Last weekend my Motorola friends and I went hunting for Apache Tears - small to large stones made from Obsidian. This semi-precious gemstone is actually known as Merikanite Obsidian, it is nature's glass in irregular rounded shapes from the size of peas to the size of softballs. Walking along the sandy bottom of a dry wash we were able to easily find the stones by the scores. They're so numerous that you soon get picky about what you will bend over to pick up. The stones are found only near Superior, AZ. - when polished and held up to light its smokey brown hue is semi-transparent. The local stones are the only obsidian nodule that should be called an Apache Tear.
But why are they called Apache Tears? Well, around the 1870s, the US Calvary chased down about 75 Apaches on a mountain overlooking what is now Superior, Arizona. Rather than face defeat, the outnumbered Apache warriors turned and rode their horses off the mountain cliff. According to the legend, when the families of the warriors learned of the tragedy, they cried and upon hitting the ground their tears were turned into the translucent stones.

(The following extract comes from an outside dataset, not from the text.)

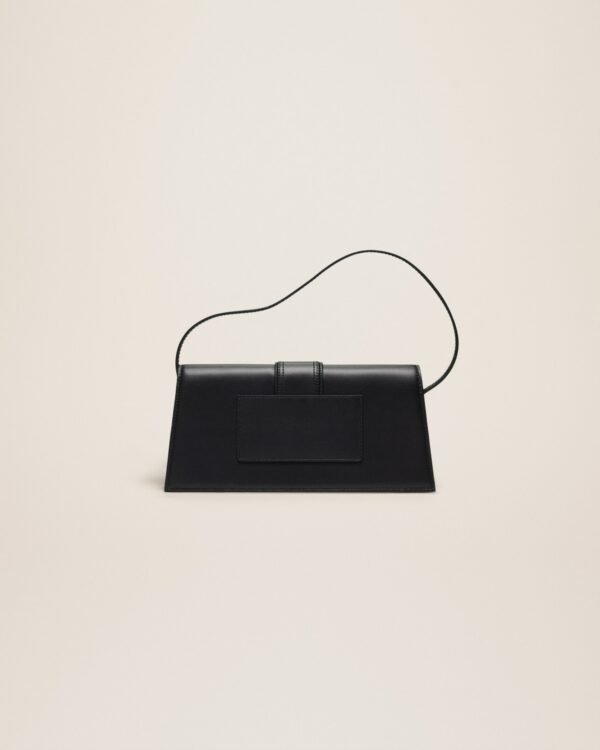 23E221BA013-3060-990_12.jpg Jacquemus Le Bambino long Long flap bag.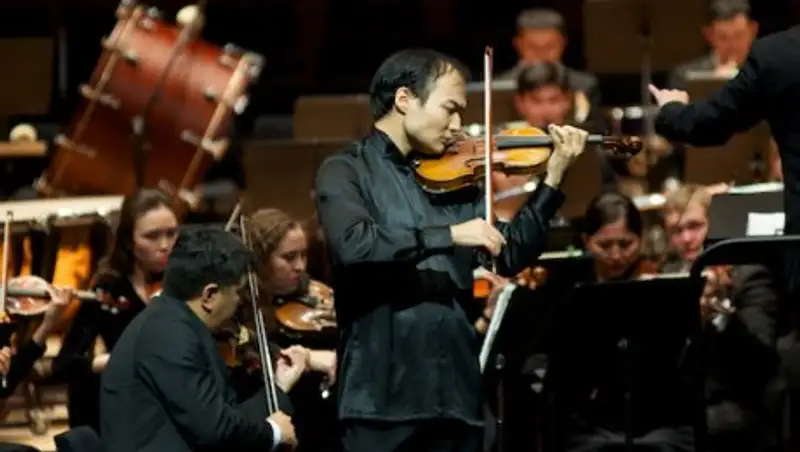 Казахстанский скрипач-виртуоз стал обладателем премии в Нью-Йорке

So when I reached home with my lode of newly acquired gemstones I realized that I didn't have any way to polish them into translucent specimens worthy of keeping. I commenced to grouse around the house, berating the fact that now I needed to find a tumbler. But then, after one of her sewing meetings last night, Sharon stopped and bought me a new tumbler so I can polish my small lode of stones.
It was a wonderful, loving gesture. But I just kinda wish that so many of the boxes containing her gifts to me were not marked as, "Toy - for children, age 10 or older"!